Nella costruzione del libro attraverso le sezioni tematiche e nella lettura dei testi che accompagnano le opere, emerge chiaramente la formazione di progettista di Pietro Valle, un progettista che interroga l’architettura come spazio attraverso le sue piante, sezioni e volumi che dialogano con la geografia del luogo e il suo paesaggio di linee e materiali. Questo approccio non esclude una lettura colta e consapevole delle opere selezionate ma prende consapevolmente le distanze dalla biografia intellettuale e artistica degli autori per concentrarsi con coerenza sull’artefatto e sul suo rapporto con la realtà.

Così la Basilica di Palladio a Vicenza o il Tempio Malatestiano di Leon Battista Alberti a Rimini nascono dal muscolare confronto con preesistenti edifici medievali, l’addizione erculea di Ferrara reinterpreta il vuoto della Pianura Padana e lo ristabilisce pensando alla città romana per creare la città nova dei D’Este, mentre la Villa Imperiale di Pesaro nasce in dialogo con i suoi giardini e costruisce un nuovo paesaggio sulle colline marchigiane.

Rimini, Tempio Malatestiano.

L’Ospedale Cà Granda del Filarete a Milano e gli Uffizi del Vasari a Firenze sono visti come complesse e moderne megastrutture costruite nel cuore della città medievale, mentre la Basilica della Santa Casa a Loreto o il Palazzo Ducale a Urbino sono reinterpretati come corpi densi che definiscono micromondi quasi labirintici in cui città e palazzo si fondono. La Basilica di Santa Maria degli Angeli a Roma, progettata dall’anziano Michelangelo, fu fondata utilizzando le possenti murature e le geometrie delle Terme di Diocleziano, mentre l’antica abbazia di San Benedetto Po in Polirone fu circondata da un nuovo corpo “moderno” che ne definisce il fianco e la facciata pubblica opera di Giulio Romano, architetto dei Gonzaga e fine sperimentatore di spazi e di figure.
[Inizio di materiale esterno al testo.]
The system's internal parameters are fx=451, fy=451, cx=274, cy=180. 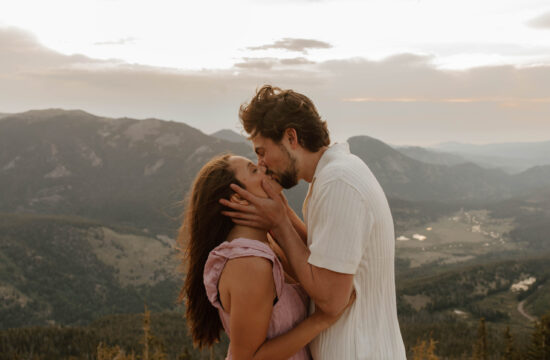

Ciò che entusiasma dei progetti individuati da Pietro Valle è la capacità degli autori selezionati di inventare e di utilizzare il corpus dei linguaggi e dei soggetti classici come un corpo vivo, magmatico, instabile da interrogare continuamente in ogni progetto. In questa fase storica i linguaggi non sono ancora codificati e ogni soluzione d’angolo, facciata con geometria irregolare o rapporto con il paesaggio circostante diventa occasione per sperimentare e spingere al limite le soluzioni spaziali e linguistiche, quasi a verificarne la forza e la compattezza di una visione nuova rispetto alla realtà.

Il libro rappresenta un bellissimo viaggio che vale la pena intraprendere, accompagnato da schede che uniscono interpretazioni personali e una lettura scientifica ben documentata e, soprattutto, illustrato dall’eccellente lavoro fotografico di Giuseppe Dell’Arche che dà forma alle intuizioni di Valle grazie ad un lavoro unitario e coerente per tutte le opere selezionate.

Avremmo preferito un saggio introduttivo più denso e meno didascalico, vista l’originale intuizione dell’autore, e questo è l’unico vero limite di un libro che rilegge il Rinascimento italiano, permettendoci di guardare a questo momento storico come un magnifico laboratorio di libertà e inquietudine. invenzione.